How to offer discounts without losing money

Apr 14, 2025

Understanding the Real Cost of Discounts

Discounts are a powerful tool to increase sales, attract new customers, and clear out slow-moving inventory. But if not handled carefully, they can erode your profits or even cause losses. Let’s break down a strategy that helps you offer discounts confidently while protecting your bottom line.

1. Know Your True Costs

Start with the basics: calculate the total cost of each item you sell. This includes:

  • Item cost: Your purchase price or total manufacturing cost.

  • Platform fees: eBay, Etsy, Poshmark, or other marketplace fees (usually a percentage of the sale).

  • Payment processing fees: PayPal, Stripe, or credit card processing (often 2-3%).

  • Shipping costs: Even if buyers pay for shipping, you may need to cover packaging, labels, or offer free/discounted shipping.

  • Other expenses: Returns, refunds, lost packages, or promotional costs.

Once you have a clear picture, you’ll know your minimum profitable price. Never set a discount that brings your price below this number.

2. Use a Central Inventory and Listing System

Manually tracking inventory and listing changes across multiple sites increases the risk of overselling, double-listing, or missing updates after a sale. A central inventory system keeps everything in sync, allowing you to:

  • Update prices and discounts everywhere at once

  • Automatically remove or adjust inventory after a sale

  • Save time and reduce costly errors

Tools like Gavelbase offer an easy way for resellers to manage listings, pricing, and inventory across platforms. There are also alternatives like Inventoro or SkuVault—choose one that fits your needs and budget.

3. Assign Simple Team Roles

Even solo resellers can benefit from thinking in terms of roles, especially if you ever bring on help. At a minimum, identify who (or what part of your day) is responsible for:

  • Setting and updating discounts

  • Monitoring inventory changes

  • Handling sales and order fulfillment

  • Customer communication (offers, questions, pickups)

If you have a helper or family member, clearly assign tasks. Document a simple process—e.g., "Update discount price in central system, then confirm inventory updates on all platforms." This lowers mistakes and makes scaling easier.
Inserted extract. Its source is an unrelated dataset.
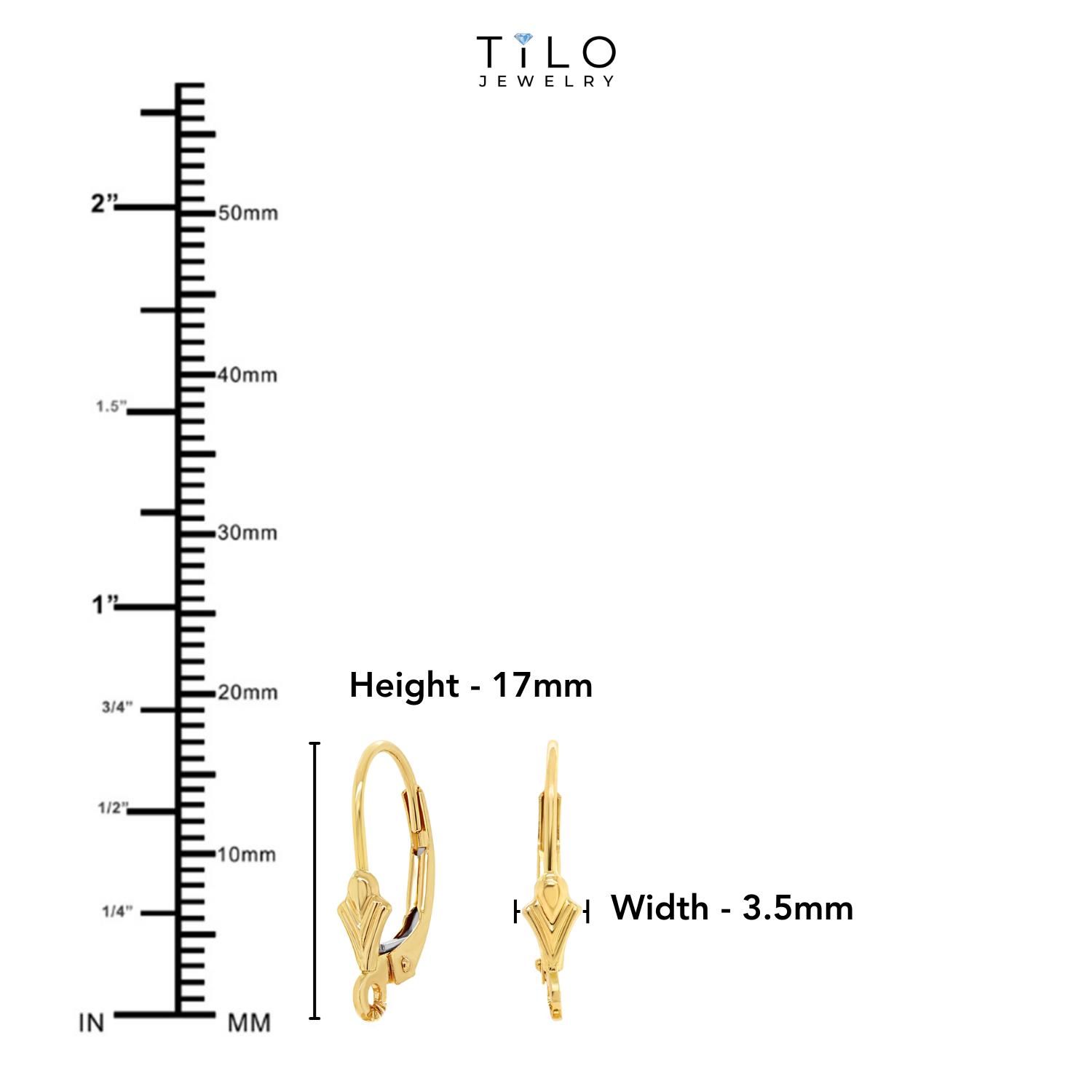 SOLID 14K Yellow Gold French Leverback Earring Findings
4. Track Sales and Fees Closely

Discounts mean lower revenue per sale, so it’s vital to track your actual profits after all fees and expenses. Use a spreadsheet or your inventory tool’s reporting features. For each sale, record:

  • Final sale price (after discount)

  • Marketplace and payment fees

  • Shipping and packaging costs

  • Net profit (what you actually keep)

This lets you quickly spot if a discount is cutting too deep, or if certain items can’t be discounted further. Over time, you’ll see which discounts boost profit and which just move money around.

5. Handle Shipping and Pickup Clearly

Shipping and local pickup are often overlooked when offering discounts. If you discount too heavily and also cover shipping, you may lose money. Easy steps to keep it clean:

  • Always specify who pays shipping before offering a discount

  • For local sales, clearly communicate pickup times and locations in your listing and messages

  • If offering free shipping as a discount, factor that cost into your minimum price

Consider using marketplace tools to print shipping labels and track packages. If you do a lot of local pickups, keep a simple log (Google Calendar, a notes app) so you don’t double-book or miss appointments.
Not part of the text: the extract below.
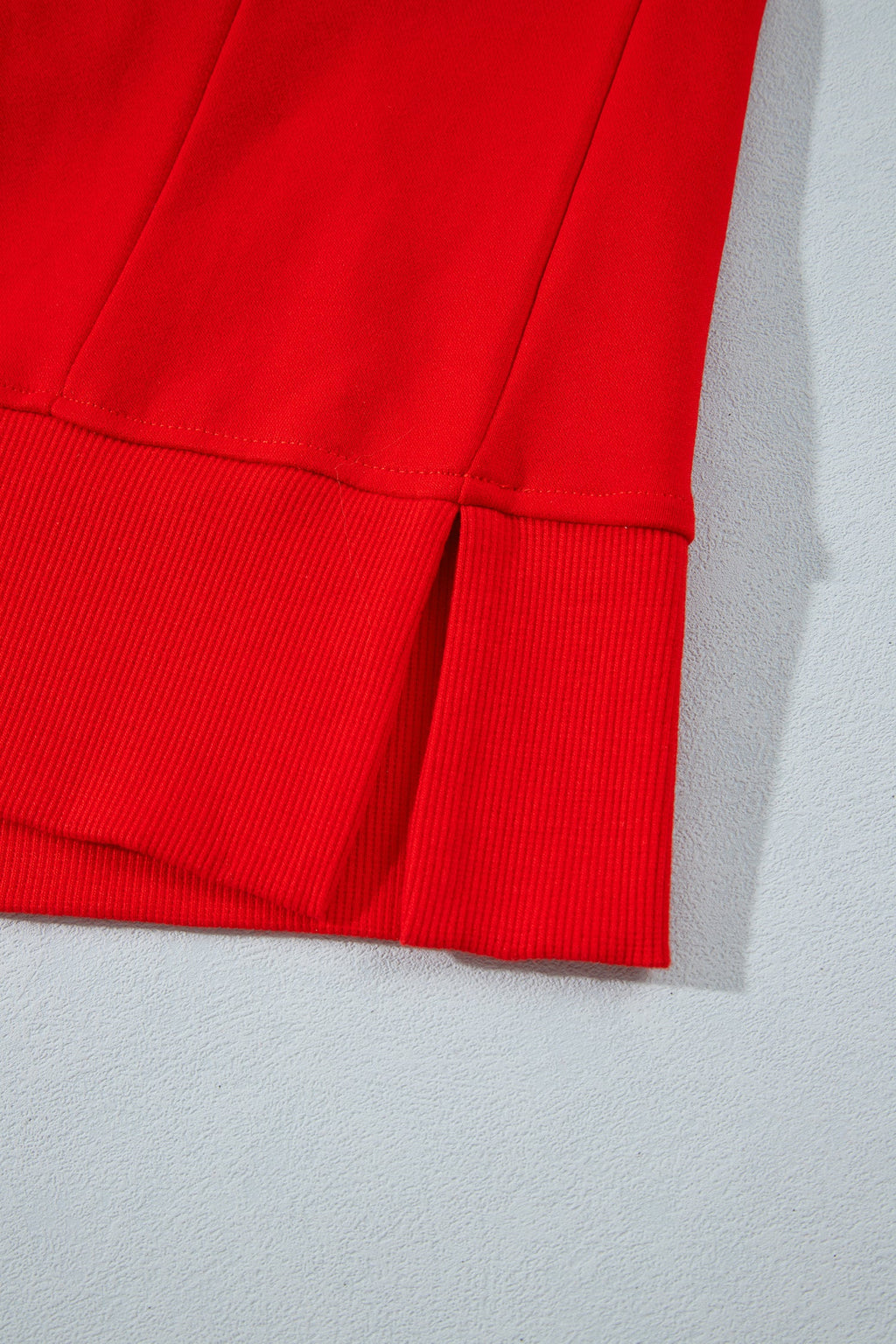 Fiery Red Patch Embroidery Star Colorblock Plus Size Sweatshirt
6. Keep Discounts Simple and Manageable

Don’t overcomplicate your discount strategy—especially as a beginner. A few proven ideas:

  • Set a fixed percentage (e.g., 10% off) or dollar amount off for slow sellers

  • Run weekend or holiday flash sales on all platforms at once using your central tool

  • Offer bundled discounts (e.g., buy two, get one 25% off) only if your system can track it

  • Limit discounts to items you have lots of stock for, to avoid running out

Make sure every discount is easy to explain to your customers—and to yourself.

7. Review and Adjust Regularly

Schedule a simple weekly or monthly review:

  • Check which discounted items sold and at what profit

  • Adjust discounts up or down based on results

  • Update your inventory system and listings accordingly

This prevents you from "set and forget" discounting that eats into your profits over time. A little time spent reviewing pays off with smarter, more profitable sales in the long run.

Final Thoughts

Offering discounts as a reseller doesn’t have to put your business at risk. With clear cost tracking, a central inventory system, simple team roles, careful fee and shipping management, and an easy-to-follow process, you’ll be able to attract more buyers while keeping your profits healthy. Start small, review regularly, and use the right tools to keep everything running smoothly.